Heart <- read.csv(url.ht, h=T)
summary(Heart)

# Preprocessing Data 
Heart <- Heart[, colnames(Heart)!="X"]
Heart[,"Sex"] <- factor(Heart[,"Sex"], 0:1, c("female", "male"))
Heart[,"Fbs"] <- factor(Heart[,"Fbs"], 0:1, c("false", "true"))
Heart[,"ExAng"] <- factor(Heart[,"ExAng"], 0:1, c("no", "yes"))
Heart[,"ChestPain"] <- as.factor(Heart[,"ChestPain"])
Heart[,"Thal"] <- as.factor(Heart[,"Thal"])
Heart[,"AHD"] <- as.factor(Heart[,"AHD"])
summary(Heart)
dim(Heart)
sum(is.na(Heart))
Heart <- na.omit(Heart)
dim(Heart)
summary(Heart)

# Train model 
## Logistic Regression
# Add dummy variable to original matrix x wihtout intercept 
x <- model.matrix(AHD ~., Heart)[,-1]
y <- Heart$AHD

# Train model 
g1 <- glmnet(x, y, family="binomial")

# Comparison lambda - coefficient, l1-norm - coefficient 
par(mfrow=c(1,2))
plot(g1, "lambda", label=TRUE)
plot(g1, "norm", label=TRUE)
df <- cbind(g1$lambda, g1$df)
colnames(df) <- c("lambda", "nonzero")
rownames(df) <- colnames(g1$beta)
df

 

 

  • If lambda decreases, the number of active coefficients increase.
  • If l1-norm increase(lambda decrease), the number of active coefficeints increase.

 

# Make evaluation : 10 folds 
set.seed(1234) 
K <- 10 
n <- length(y) 
fold <- sample(rep(1:K, length.out=n)) 
lam <- g1$lambda 
MSE <- matrix(0, n, length(lam)) 
for (i in 1:K) {
  test <- fold==i
  tran <- fold!=i 
  g <- glmnet(x[tran, ], y[tran], family="binomial", lambda=lam)
  prob <- predict(g, x[test, ], s=lam, type="response")
  yval <- y[test]=="Yes"
  MSE[test, ] <- -2*(yval*log(prob) + (1-yval)*log(1-prob))
}
CVE <- apply(MSE, 2, mean)

# Visualize CVE metrics 
par(mfrow=c(1,1))
plot(log(lam), CVE, type="b", xlab="log lambda", ylab="CV errors")
abline(v=log(lam)[which.min(CVE)], col="red", lty=2)

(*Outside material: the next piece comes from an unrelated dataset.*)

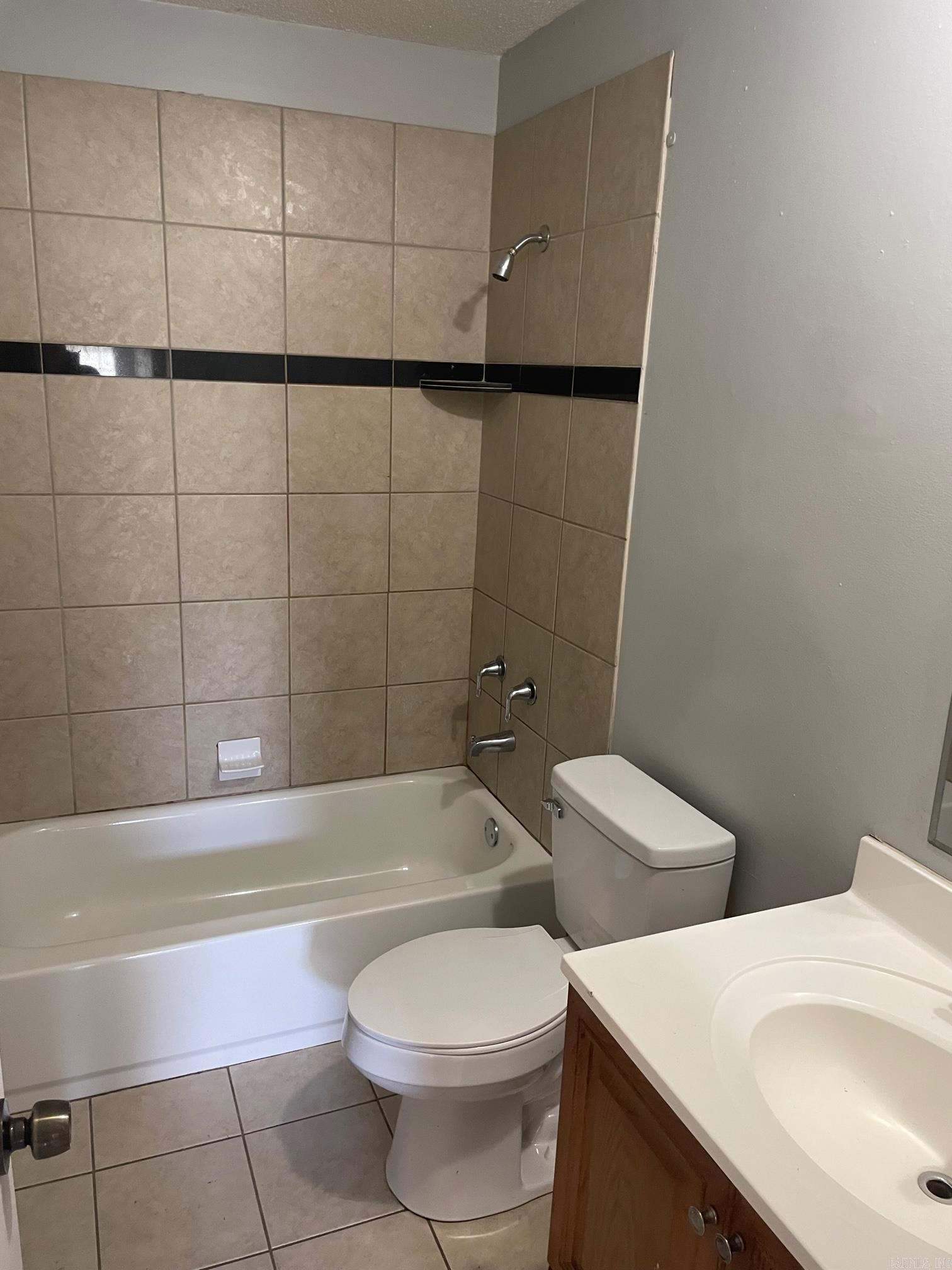 Country Wood - Residential Lease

# Make final model : With full training set 
lam[which.min(CVE)]
coef(g, s=lam[which.min(CVE)])
g1 <- glmnet(x, y, family="binomial", lambda=lam[which.min(CVE)])
coef(g1)

 

 

  • K-fold without using cv.glmnet.
  • MSE has been used for model evaluation metrics.
  • model.matrix function convert original data into categorical encoded columns and intercepts.
  • To apply this metrx to glmnet, we need to input matrix without intercept.(beacuse inner argument of intercept is True).
  • However, if we calculate prediction from the result of coef function, then we need to multiply with matrix with intercept.

 

3. [Ex] Heart Data with automatic CV

set.seed(123)
par(mfrow=c(1,3))
# Error metric : Deviance 
# foldID shows the restricted fold -> don't need to use nfolds parameters
gcv1 <- cv.glmnet(x, y, family="binomial", lambda=lam,
nfolds=5, type.measure="deviance")
plot(gcv1)

# Error metric : Classification error 
gcv2 <- cv.glmnet(x, y, family="binomial", lambda=lam,
nfolds=5, type.measure="class")
plot(gcv2)

# Error metric : ROC-AUC score
gcv3 <- cv.glmnet(x, y, family="binomial", lambda=lam,
nfolds=5, type.measure="auc")
plot(gcv3)

c(gcv1$lambda.min, gcv1$lambda.1se)
c(gcv2$lambda.min, gcv2$lambda.1se)
c(gcv3$lambda.min, gcv3$lambda.1se)
g0 <- glmnet(x, y, family="binomial", lambda=lam)
coef(g0, s=c(gcv1$lambda.min, gcv2$lambda.min, gcv3$lambda.min))
coef(g0, s=c(gcv1$lambda.1se, gcv2$lambda.1se, gcv3$lambda.1se))

 

 

  • Three plots are written based on one-standard error.
  • The left vertical line is the value of gcvl$lambda.min.
  • The right vertical line is the value of gcvl$labmda.1se.